Not at all. Even for languages with many more speakers you can get these sorts of problems.

For a very concrete example, consider this Japhug text [0]. I consider myself fairly knowledgable about phonetics, and I can read the transcribed text out loud. But listening to the accompanying recording, I can barely hear the distinctions between many of the sounds, or figure out where the word boundaries are. Such a recording can only be transcribed by carefully going through it with a native speaker.

Or, for a report by a more experienced linguist, here’s e.g. R.M.W. Dixon (2010) on the subject:

> All texts should be transcribed in the field. In the early stages the linguist should not attempt transcription without a native speaker by their side. As the linguist gets to know the language better they can attempt an initial transcription on their own, but should always then go over it in detail with a consultant. In the case of a language I had been working on for more than thirty years (Dyirbal) I could get a new text 95 per cent right, but there were always a few points that I missed the proper meaning or full significance of, and had to have them pointed out by an expert consultant. One thing one should never do is just record texts in the field and try to transcribe them later on, back at base (whether one is working on phonetics, phonology, grammar, discourse, or whatever); this is a sure recipe for an incompetent analysis.

[0] https://pangloss.cnrs.fr/corpus/show?lang=en&mode=pro&oai_pr...

> But Old Norse did die. It happened to sprout several new languages, most of which are not in danger of dying out like Danish and Swedish. The original Old Norse is gone though.

It did not die. There is a difference between language death and language evolution. In the latter process, there is no one point at which you can say, ‘Old Norse is dead and gone’; it is simply the case that speakers of the language found Old Norse texts less and less intelligible until they could no longer be understood. But the Old Norse language itself is hardly gone: many of its features are preserved in the derived languages, and Old Norse may still be reconstructed by comparison between its daughters.

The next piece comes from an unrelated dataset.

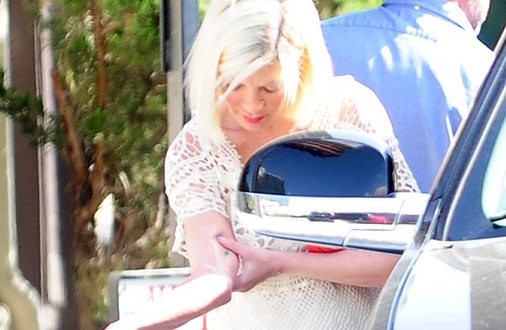 Tori Spelling : Star Suffers ‘Benihana Burn,’ Undergoes Skin Grafts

Perhaps a more illustrative example would be Old English. Is Old English ‘dead’? Possibly, but it never ‘died’: it just gradually evolved into Middle English and then Modern English (and Scots).

> You seem to only be valuing a language based on if it's a net plus or minus to the "Language Diversity" which as you're using it seems to mean the number of distinct languages that are currently spoken natively by currently alive humans.

Not at all. I agree with you that languages are valuable because they give a unique perspective to both their native speakers and linguists at large. A natural consequence of this viewpoint is that one extra language is a net good, but I don’t think a language is valuable only because of this.

> I would consider doing linguistic work on the language with native speakers to be part of making records of the language. I don't think we're in disagreement here.

Ah, in that case we are indeed in agreement. I had assumed that by ‘making records’ you had meant only making audio recordings etc. I should have clarified what you meant exactly.

> The original idea I was pushing against was trying to artificially keep a language alive by trying to keep large population groups speaking it natively. It goes against how language has always worked.

I don’t think it’s a good idea to ‘artificially’ keep languages alive if there’s no reason to do so — but if a linguistic community wants to keep a language alive, then why not?